▶ Exercise brief
Bring together copies of the lines in the data below that contain the word "ensure".

▶ Supplied data
..........

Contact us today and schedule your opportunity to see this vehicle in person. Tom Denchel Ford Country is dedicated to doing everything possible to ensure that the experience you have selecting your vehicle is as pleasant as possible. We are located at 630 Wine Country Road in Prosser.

..........

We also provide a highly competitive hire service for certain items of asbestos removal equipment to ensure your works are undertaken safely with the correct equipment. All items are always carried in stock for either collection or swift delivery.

..........

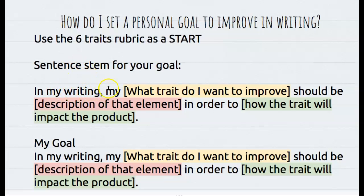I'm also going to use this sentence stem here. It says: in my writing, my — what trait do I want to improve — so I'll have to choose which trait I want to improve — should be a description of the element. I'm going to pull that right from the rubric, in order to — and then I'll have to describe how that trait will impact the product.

..........

▶ Answer for the task
Contact us today and schedule your opportunity to see this vehicle in person. Tom Denchel Ford Country is dedicated to doing everything possible to ensure that the experience you have selecting your vehicle is as pleasant as possible. We are located at 630 Wine Country Road in Prosser.
We also provide a highly competitive hire service for certain items of asbestos removal equipment to ensure your works are undertaken safely with the correct equipment. All items are always carried in stock for either collection or swift delivery.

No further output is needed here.